((

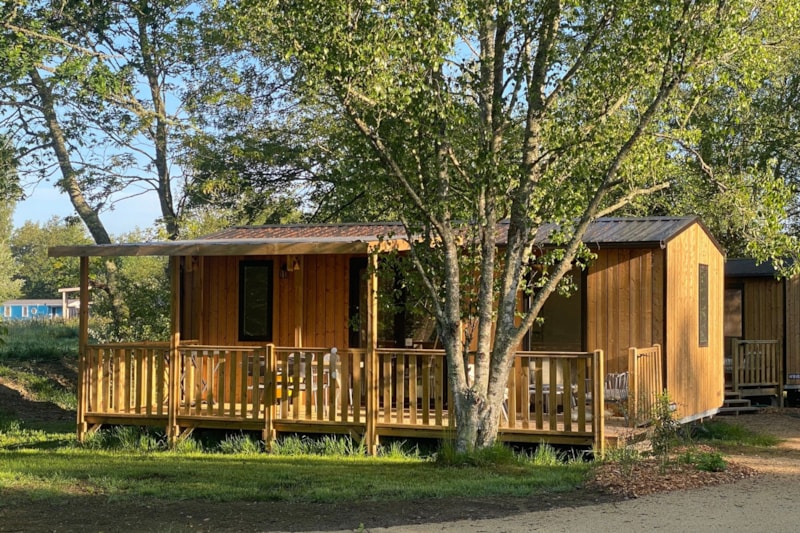 COZY Lodge „804“: 2 Schlafzimmer + Überdachte Terrasse + Geschirrspüler + TV (30 m² / 2026)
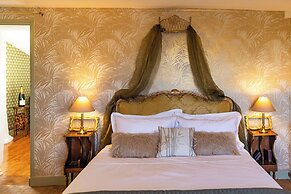Champagne House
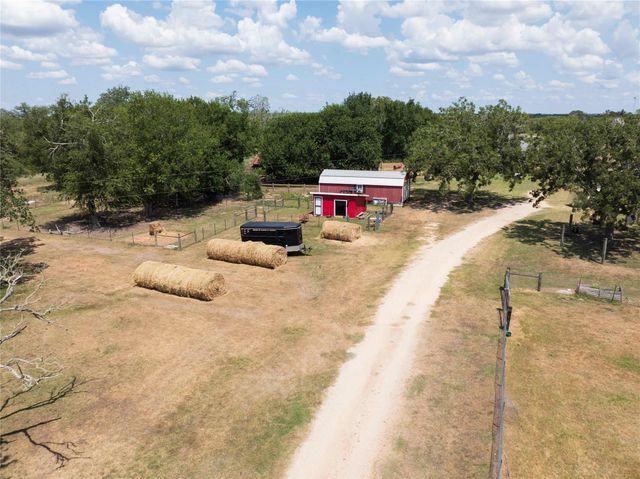2666 County Road 247, Moulton, TX 77975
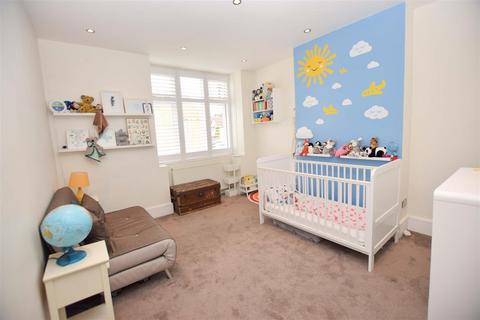 3 Ashtree Avenue, Mitcham, CR4 3DS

))

About this task => All lines from the one holding "Champagne House" to the end of the listing above need to be duplicated exactly. None of the pictures should be included.

Solution to the problem =>
Champagne House
2666 County Road 247, Moulton, TX 77975
 3 Ashtree Avenue, Mitcham, CR4 3DS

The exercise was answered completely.